Individual plots that covered 5 to 7 per cent of arable land, were increased to as much as 15 per cent. Finally, the generalization of the "system of responsibilities" quickly led to a decollectivization of the countryside. Each family was contracted to supply a certain quantity of products at the fixed price. They were allowed to sell the rest (after taxes) on the free market. This signalled a return to family farming, complemented a few years later by the explicit right to sublet land, hire labor, personally own heavy farming equipment, and form "new economic alliances" enabling several families and local authorities to pool their resources to build installations, warehouses, roads, small power stations, etc.

Later, the duration of the family contracts was extended from one, two or three years to fifteen or twenty-five years, to encourage families to invest in their farm.

Very quickly, the productivity of agricultural labor improved and production increased. In the space of five years, cereal production increased by nearly 30 per cent, cotton production nearly doubled and meat production accelerated.

For the first time, peasants’ income began to increase faster than that of the urban population. Also for the first time, levies on the countryside were reduced to nothing: the rural population was no longer being pressured to finance industrialization.

In state industry, the same system of "responsibility contracts" was gradually extended to all sectors. Management autonomy was granted to directors and production was to be regulated by the market. On top of this, the go-ahead was given for private investment of all sorts, including by foreign capital.

The state itself brought in foreign capital, both through borrowing and by seeking to attract investment in Special Economic Zones (SEZ). This capital benefitted from fiscal, commercial and financial advantages. And of course the Chinese state paid for improvements in the infrastructure. In 1979 and 1980, four zones were created on the South East coast: three in the province of Guangdong, whose capital is Canton and one, Xiamen, across the straits from Taiwan in the province of Fujian. Many more such zones have been created since.

The Old Evils Resurface

Very quickly, economic and social problems arose, which led the government to "rectify" or put a brake on the process, in an attempt to contain the centrifugal forces appearing at every level, reduce inflation and limit speculation and corruption.

One of the most serious crises occurred in 1988-89. Inflation was accelerating. There was a dangerous development of corruption and trafficking of all kinds. And the "economic development zones" were mushrooming, reaching the point where the situation was explosive. Starting in 1992, the government once again attempted to deal with the same problems which now are presenting themselves on an ever greater scale.

The fact is that the encouragement of personal enrichment, with the emergence of both an agrarian and urban bourgeoisie, automatically opens the door to the past. This layer of nouveau riches has exactly the same aspirations and the same behavior as the bourgeoisie did before. Above all, they want to get rich quickly and easily by any means. And, particularly in a poor country, the means concerned are often trafficking and illegal trading, speculation, theft of public property, fraud, the ferocious exploitation of virtually free labor and the satisfaction of all the vices that money can pay for, including prostitution and drug-dealing. If the state cannot control such problems, these problems will only eat away at the country’s economy, and lead to catastrophe, provoking outbursts of revolt among the great mass of the poor population, which is increasingly exploited and humiliated.

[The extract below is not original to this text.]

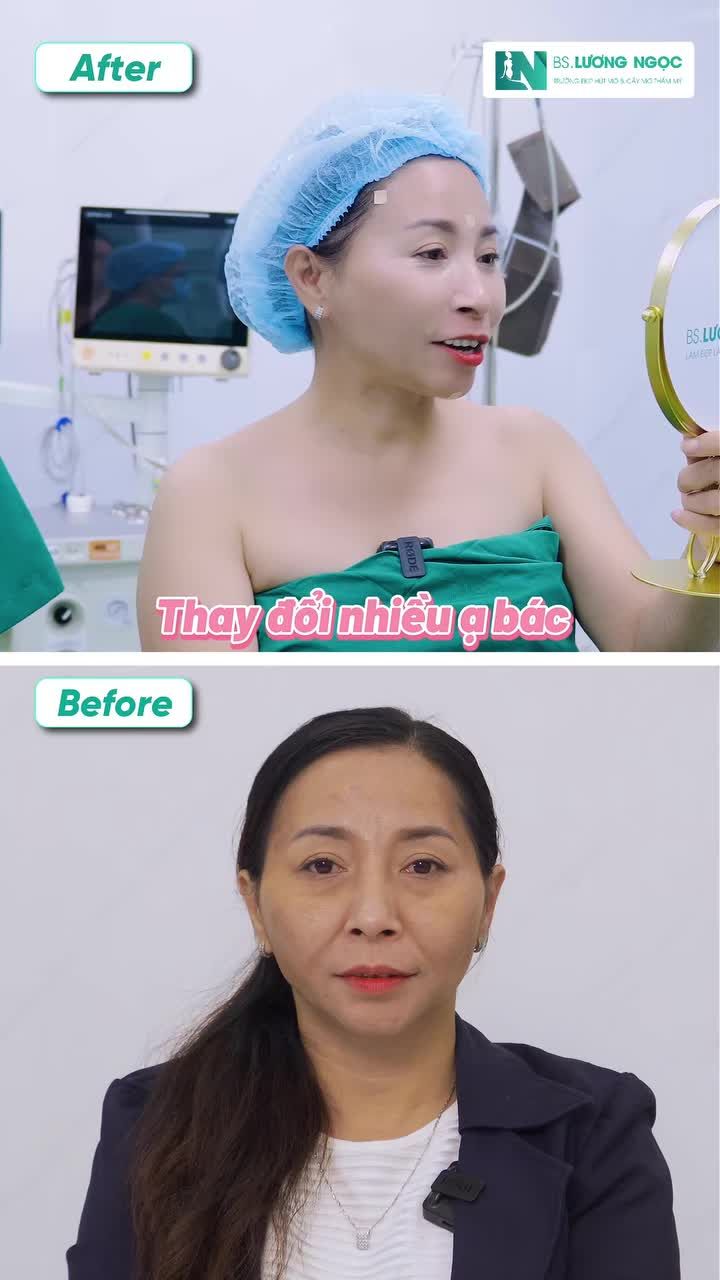 Điều gì khiến một bác sĩ quyết định hút mỡ bụng ở tuổi 32?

With each successive crisis, the central authorities have more and more difficulty regaining control of the situation. The local and provincial authorities are also gripped by the fever of trafficking, and are riddled with corruption. The fact is that the entire state apparatus has never been under the control of the masses. And by its nature, it is inclined to come to an agreement with the rich, share their aspirations and become their instrument.

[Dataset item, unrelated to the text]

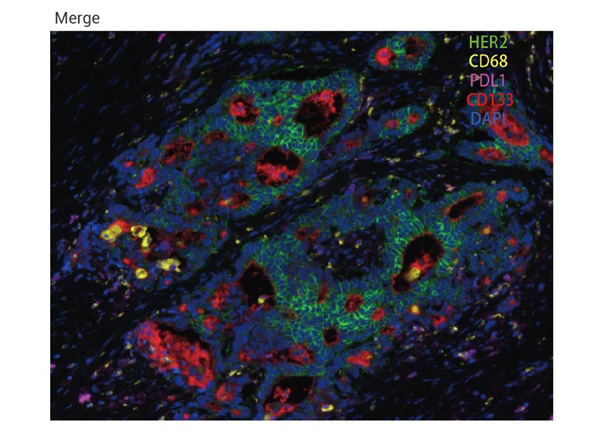 Fig 3. monochromatic IHC (top) and multichromatic mIHC (bottom) validation of cancer tissue.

Over the past fifteen years centrifugal forces have begun to emerge at all levels of the administration, as officials try to free themselves from central control and go about their business without constraints. Each wants to be master of his own territory. All the nouveau riches and all the authorities are gripped by a frenzy of speculation, including in real estate and stock markets, by an eagerness to make money quickly and easily.

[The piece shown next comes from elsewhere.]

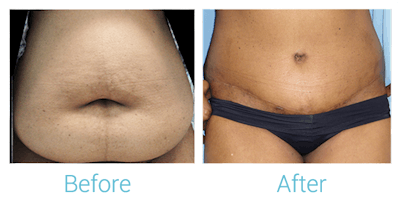 Tummy Tuck Before & After Gallery - Patient 58152055 - Image 1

The example comes from on high, from those called "the princes", the sons and daughters of top dignitaries of the regime, the ones who now head the developing business world.

In the countryside, the authorities are explicitly ordered to support rural enterprises and rich peasants, and to go into business themselves, thereby taking part in the modernization. Those officials who hesitate are called to order! This policy was implemented after the 1979-81 state budget for the countryside was found to be insufficient, and the difference in the standard of living between the countryside and the towns again began to widen.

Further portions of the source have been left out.